Records for the exercise:
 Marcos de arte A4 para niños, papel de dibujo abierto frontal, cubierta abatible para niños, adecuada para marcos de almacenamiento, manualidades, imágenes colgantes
--
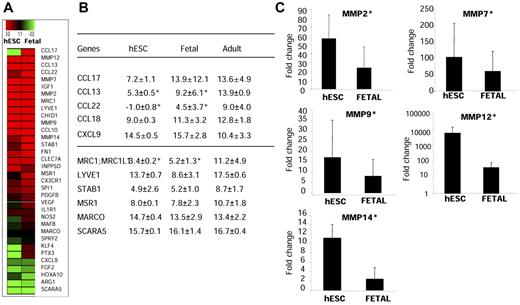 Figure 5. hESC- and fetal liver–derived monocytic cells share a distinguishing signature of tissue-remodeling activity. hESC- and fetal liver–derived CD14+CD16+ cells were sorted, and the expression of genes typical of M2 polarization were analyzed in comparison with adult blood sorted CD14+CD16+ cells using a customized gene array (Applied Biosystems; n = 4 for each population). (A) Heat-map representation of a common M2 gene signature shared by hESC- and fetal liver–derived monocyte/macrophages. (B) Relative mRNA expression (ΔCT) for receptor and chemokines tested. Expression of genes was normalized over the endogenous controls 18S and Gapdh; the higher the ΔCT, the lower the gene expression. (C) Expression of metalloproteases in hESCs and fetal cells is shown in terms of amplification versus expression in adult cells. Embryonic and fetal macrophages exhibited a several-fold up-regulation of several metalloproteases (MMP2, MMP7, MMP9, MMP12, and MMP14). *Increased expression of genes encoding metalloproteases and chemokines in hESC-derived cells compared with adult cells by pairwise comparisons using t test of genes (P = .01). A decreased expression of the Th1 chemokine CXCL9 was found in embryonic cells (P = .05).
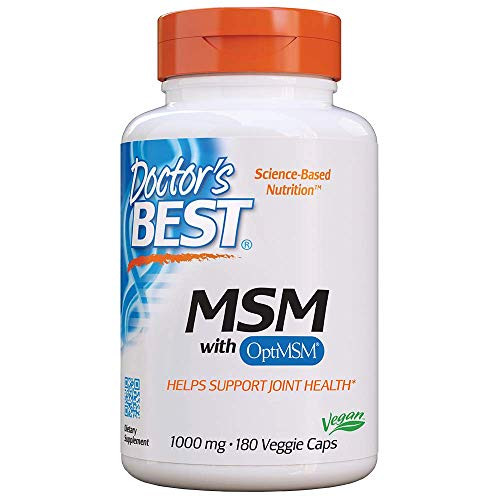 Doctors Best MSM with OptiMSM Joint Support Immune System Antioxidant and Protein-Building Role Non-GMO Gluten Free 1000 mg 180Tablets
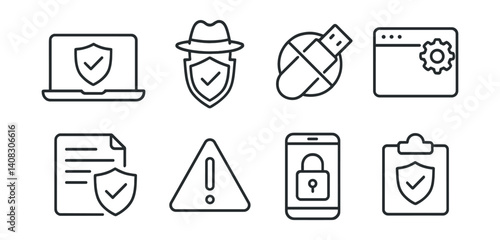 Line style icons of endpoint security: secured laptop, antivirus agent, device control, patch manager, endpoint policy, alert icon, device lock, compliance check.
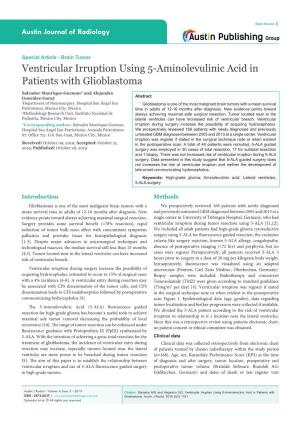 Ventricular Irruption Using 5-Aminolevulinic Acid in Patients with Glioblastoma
...
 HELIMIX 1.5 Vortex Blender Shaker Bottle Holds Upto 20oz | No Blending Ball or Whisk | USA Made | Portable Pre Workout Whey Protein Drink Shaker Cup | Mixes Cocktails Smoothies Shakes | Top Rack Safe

Problem requirements: Using the records above, return word for word the lines that begin at the one containing "Line style icons" and end at the one containing "Ventricular Irruption Using", both of them included and no pictures.

Result:
 Line style icons of endpoint security: secured laptop, antivirus agent, device control, patch manager, endpoint policy, alert icon, device lock, compliance check.
 Ventricular Irruption Using 5-Aminolevulinic Acid in Patients with Glioblastoma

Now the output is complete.